Top of Dataset extract

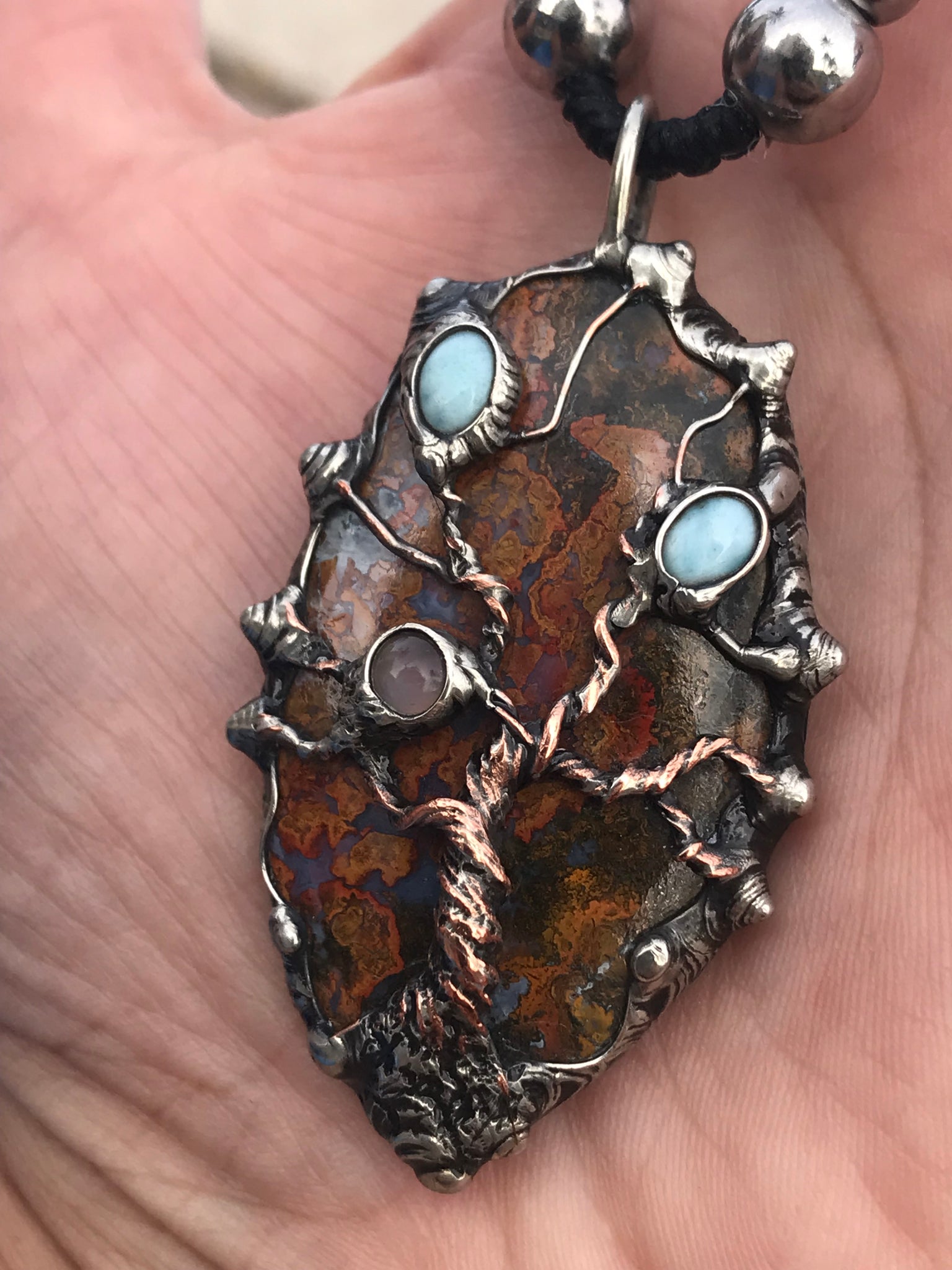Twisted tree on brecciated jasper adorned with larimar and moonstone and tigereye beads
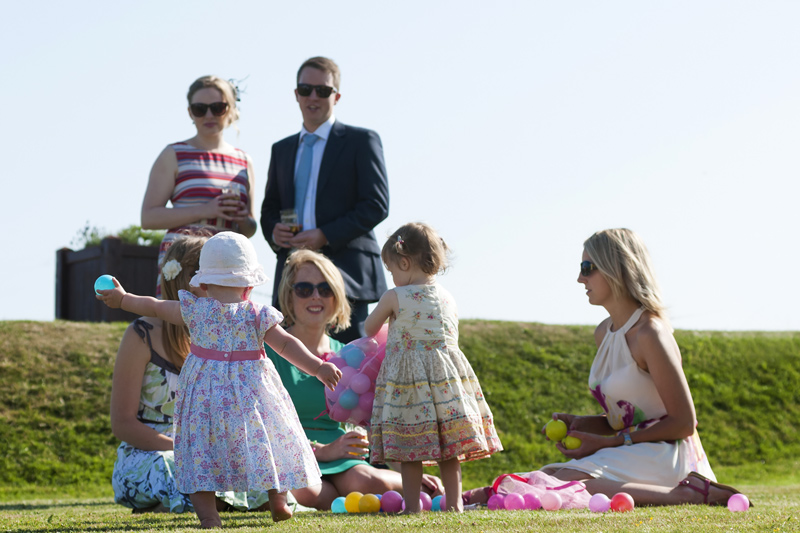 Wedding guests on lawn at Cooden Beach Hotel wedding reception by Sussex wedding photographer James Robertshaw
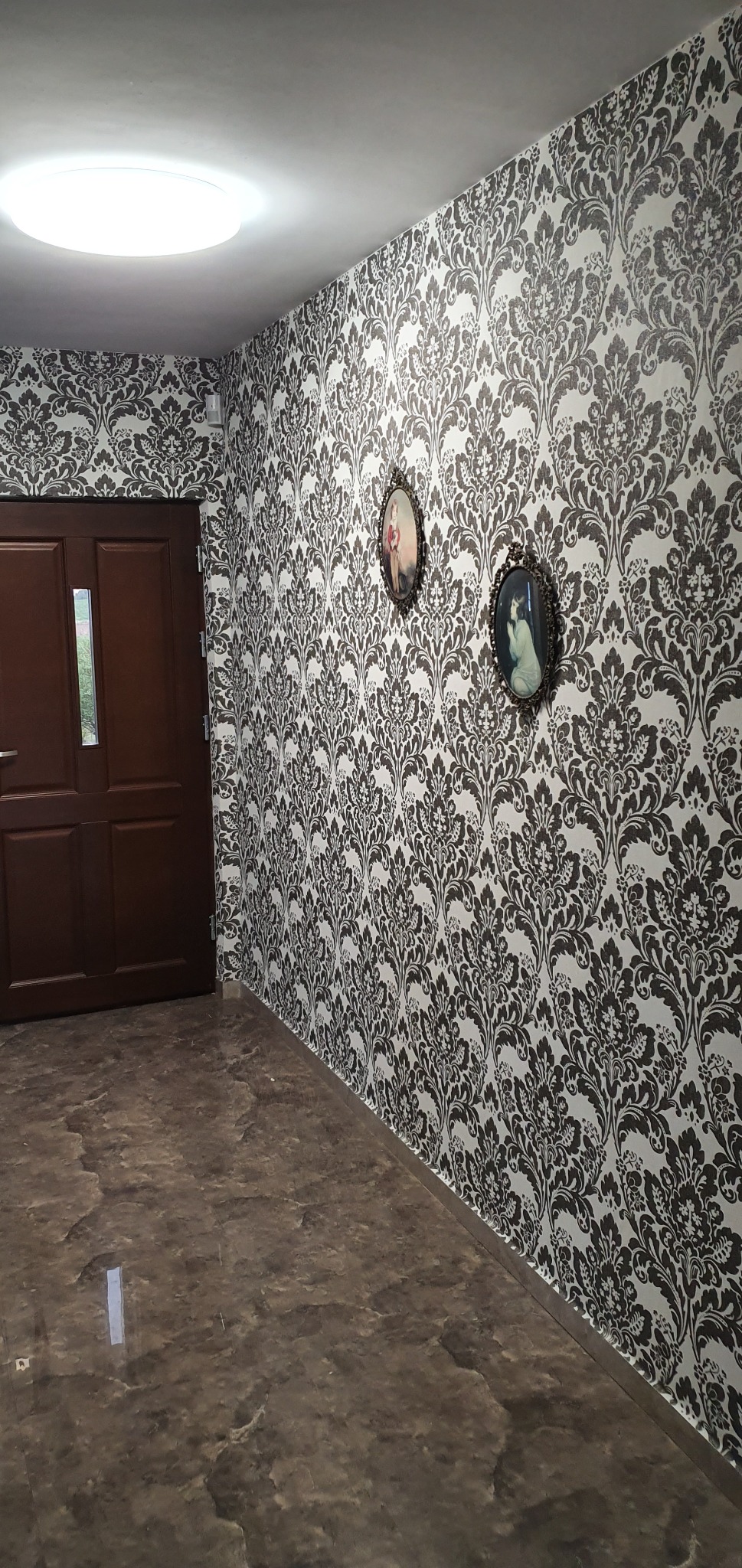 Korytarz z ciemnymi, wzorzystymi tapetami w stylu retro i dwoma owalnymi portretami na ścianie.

Bottom of Dataset extract

Return all the material exactly, skipping pictures.

Twisted tree on brecciated jasper adorned with larimar and moonstone and tigereye beads
 Wedding guests on lawn at Cooden Beach Hotel wedding reception by Sussex wedding photographer James Robertshaw
 Korytarz z ciemnymi, wzorzystymi tapetami w stylu retro i dwoma owalnymi portretami na ścianie.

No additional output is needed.